Customised bus route in Shanghai, China

Route DZ418 is a customised bus route in Shanghai, China. Operated by Shanghai Ba-Shi No.4 Public Transportation Co. Ltd, a subsidiary of Jiushi Group, it runs between East No.2 Zhongshan Road & Xinkaihe Road and Nanpu Bridge, and primarily serves financial businesses located in South Bund. The route was first launched as the South Bund Financial District Direct Bus on 28 November 2022, before being renamed as route DZ418 on 25 August 2025.

== History ==

=== South Bund Financial District Direct Bus ===
The South Bund area houses many financial offices, including 14 corporate headquarters, employing around 33 thousand workers in total. The area has faced a lack of public transportation in the area, as most bus routes nearby do not directly connect to stops near the various office buildings, and the nearest metro station, Xiaonanmen on Line 9, is a 15 to 20 minutes walk away. On 28 November 2022, following coordination from the Xiaodongmen subdistrict and financial support provided by 11 companies in the area, Shanghai Ba-Shi No.4 Public Transportation Co. Ltd began trial operations on a last mile connecting bus route between Xiaonanmen station and Jiushi Tower with two intermediate stops, named as the South Bund Financial District Direct Bus, with free rides provided for corporate employees.

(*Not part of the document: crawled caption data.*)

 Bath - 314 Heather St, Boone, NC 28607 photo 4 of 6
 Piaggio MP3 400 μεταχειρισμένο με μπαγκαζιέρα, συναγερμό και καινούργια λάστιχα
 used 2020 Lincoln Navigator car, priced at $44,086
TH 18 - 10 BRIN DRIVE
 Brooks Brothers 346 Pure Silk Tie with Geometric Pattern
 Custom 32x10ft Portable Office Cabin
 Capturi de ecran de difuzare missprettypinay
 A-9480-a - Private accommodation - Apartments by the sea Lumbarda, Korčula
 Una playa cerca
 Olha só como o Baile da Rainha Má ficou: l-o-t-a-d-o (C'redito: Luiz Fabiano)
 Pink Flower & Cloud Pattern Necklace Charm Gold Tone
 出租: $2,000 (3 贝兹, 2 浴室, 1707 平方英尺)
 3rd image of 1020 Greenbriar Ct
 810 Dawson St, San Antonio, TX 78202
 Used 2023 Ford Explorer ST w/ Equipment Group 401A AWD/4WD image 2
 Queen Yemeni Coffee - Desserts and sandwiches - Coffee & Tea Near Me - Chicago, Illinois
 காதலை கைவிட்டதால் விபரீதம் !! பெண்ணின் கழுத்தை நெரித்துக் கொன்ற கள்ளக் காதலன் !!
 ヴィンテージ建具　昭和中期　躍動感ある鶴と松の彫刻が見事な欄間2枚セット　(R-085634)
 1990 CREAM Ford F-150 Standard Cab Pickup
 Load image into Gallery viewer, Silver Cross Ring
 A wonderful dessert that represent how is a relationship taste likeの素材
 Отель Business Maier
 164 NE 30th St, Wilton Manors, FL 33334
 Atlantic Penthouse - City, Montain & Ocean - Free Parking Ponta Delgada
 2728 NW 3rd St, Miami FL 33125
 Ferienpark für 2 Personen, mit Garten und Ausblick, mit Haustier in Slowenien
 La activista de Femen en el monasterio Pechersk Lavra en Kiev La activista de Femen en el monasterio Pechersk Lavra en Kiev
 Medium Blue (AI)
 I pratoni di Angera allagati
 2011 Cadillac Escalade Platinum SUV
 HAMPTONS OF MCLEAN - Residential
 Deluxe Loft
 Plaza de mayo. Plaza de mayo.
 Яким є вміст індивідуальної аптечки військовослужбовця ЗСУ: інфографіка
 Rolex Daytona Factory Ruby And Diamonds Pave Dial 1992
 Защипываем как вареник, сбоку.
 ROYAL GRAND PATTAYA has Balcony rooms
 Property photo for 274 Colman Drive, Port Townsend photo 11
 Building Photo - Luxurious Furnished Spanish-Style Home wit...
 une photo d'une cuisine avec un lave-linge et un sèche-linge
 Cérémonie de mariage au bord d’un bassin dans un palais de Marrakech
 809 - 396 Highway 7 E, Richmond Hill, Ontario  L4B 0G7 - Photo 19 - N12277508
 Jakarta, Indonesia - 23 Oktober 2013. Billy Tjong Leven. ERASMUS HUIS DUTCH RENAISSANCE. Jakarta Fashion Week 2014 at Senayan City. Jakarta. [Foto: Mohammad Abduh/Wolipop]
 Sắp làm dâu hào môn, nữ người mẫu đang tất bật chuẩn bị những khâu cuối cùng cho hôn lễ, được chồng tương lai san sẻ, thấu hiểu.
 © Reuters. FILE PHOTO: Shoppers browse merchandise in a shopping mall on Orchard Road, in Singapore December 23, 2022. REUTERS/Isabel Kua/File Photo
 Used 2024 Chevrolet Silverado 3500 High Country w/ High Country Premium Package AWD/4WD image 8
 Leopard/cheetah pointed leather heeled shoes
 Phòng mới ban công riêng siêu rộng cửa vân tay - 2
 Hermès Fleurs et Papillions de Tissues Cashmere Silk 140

The route was later formally launched on 13 January 2023, with four stops along its 2 km route and a journey time of 10 minutes. Journeys start from Xiaonanmen station towards Jiushi Tower during morning peak hours, and in the opposite direction during evening peak hours. On 29 May 2023, due to increased demand, the route was extended to Dongjiadu and the fleet was increased by one bus to four. As of December that year, ridership remained at around 2,000 passengers per day.

=== Route DZ418 ===
On 25 August 2025, due to further rises in demand, the route was renumbered as route DZ418 and amended to run between East No.2 Zhongshan Road & Xinkaihe Road and Nanpu Bridge with a length of 6 km, via Lujiabang Road, Waima Road, Dongjiadu Road, Zhonghua Road, Wangjiamatou Road and Dongmen Road. The route operates on weekdays, with frequencies of 3 minutes from 07:30 to 09:30, 5 minutes from 17:30 to 19:30, 15 minutes from 11:30 to 13:30, and 20 minutes during the remainder of its operating hours. The route was allocated nine buses when it was first introduced and increased to 12 buses by December.